= Katutura East =

Electoral constituency in the Khomas region of central Namibia

Katutura East constituency (red) in the Khomas Region

Katutura East is a constituency in the Khomas Region of Namibia. It consists of the extensions 1, 6, and 19 of the suburb Katutura, a township within Windhoek that was founded by the then Apartheid government of Namibia for black people in the 1950s. It had a population of 18,501 in 2011, up from 17,745 in 2001. As of 2020, it has 15,878 registered voters.

==Politics==
Katutura Central is traditionally a stronghold of the South West Africa People's Organization (SWAPO) party. The first councillor of Katutura East was Gabriel Ithete (SWAPO). He served until 2004. In the 2004 regional election, he was replaced by Elina Ndapuka (also SWAPO) who received 2,453 of the 3,936 votes cast.

The 2015 regional elections were again won by SWAPO; Ruben Sheehama won the constituency with 2,912 votes.
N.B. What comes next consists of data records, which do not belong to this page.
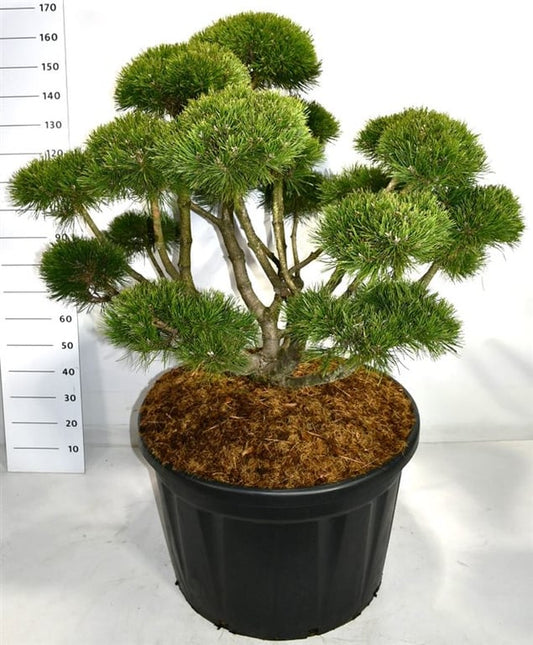 Pinus mugo Gnom 160cm 80cm Pot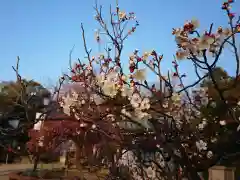 岡崎天満宮の自然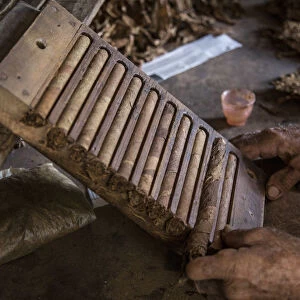 Rolling cigars at the Alejandro Robaina Tobacco Plantation, Pinar del Rio Province, Cuba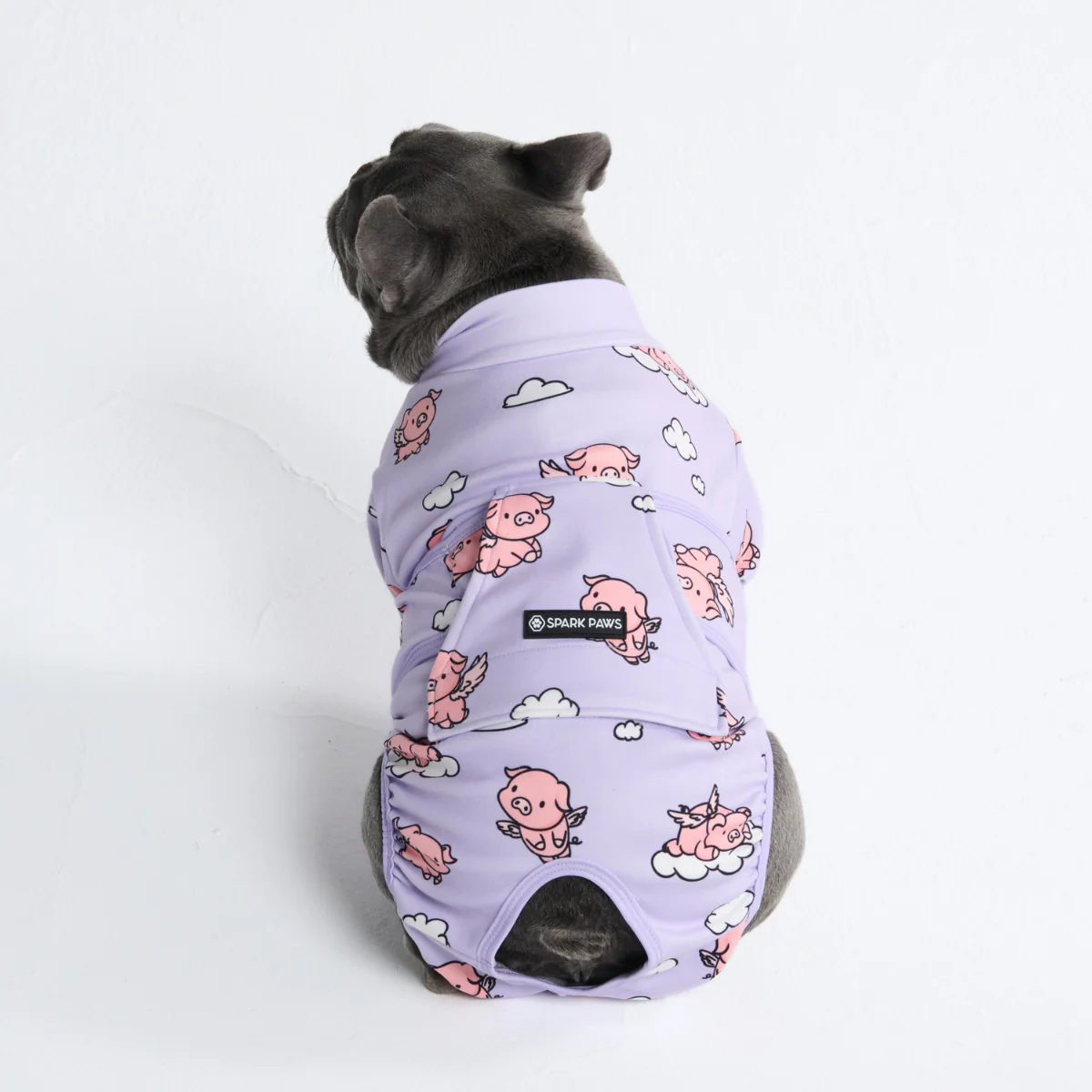 Dog Surgical Suit - When Pigs Fly - Image 12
Ina Gouws of the Democratic Turnhalle Alliance (DTA) came distant second with 386 votes, followed by Telwin Dennis Owoseb of the Rally for Democracy and Progress (RDP, 295 votes). The SWAPO candidate also won the 2020 regional election, albeit by a much smaller margin. Richard Gaoseb received 1,772 votes, followed by Michael Mulunga of the Independent Patriots for Change (IPC, an opposition party formed in August 2020) with 992 votes, Olsen Kahiri of the Landless People's Movement (LPM, also a new party, registered in 2018) with 594 votes, and independent candidates Mervin Claasen and Claudia Namises with 540 and 461 votes, respectively.